What needs to be done
Everything in the listing should be set down exactly, apart from the pictures.

Source data
-------------------------

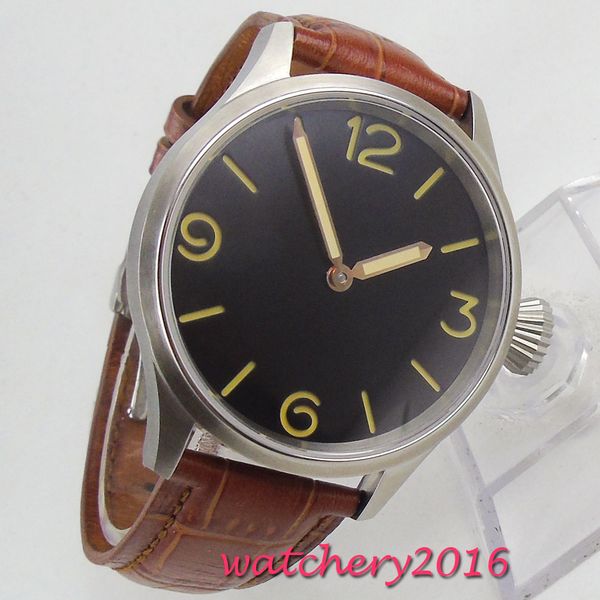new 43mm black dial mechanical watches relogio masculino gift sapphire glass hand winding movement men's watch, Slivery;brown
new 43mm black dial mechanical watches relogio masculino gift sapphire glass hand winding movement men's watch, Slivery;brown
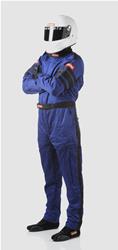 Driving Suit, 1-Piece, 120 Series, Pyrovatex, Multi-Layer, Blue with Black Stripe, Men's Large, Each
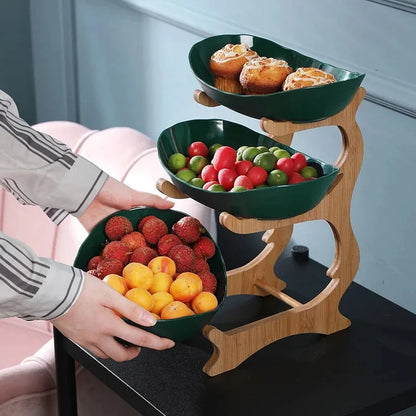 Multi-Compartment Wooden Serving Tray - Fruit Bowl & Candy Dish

-------------------------

Output
new 43mm black dial mechanical watches relogio masculino gift sapphire glass hand winding movement men's watch, Slivery;brown
new 43mm black dial mechanical watches relogio masculino gift sapphire glass hand winding movement men's watch, Slivery;brown
 Driving Suit, 1-Piece, 120 Series, Pyrovatex, Multi-Layer, Blue with Black Stripe, Men's Large, Each
 Multi-Compartment Wooden Serving Tray - Fruit Bowl & Candy Dish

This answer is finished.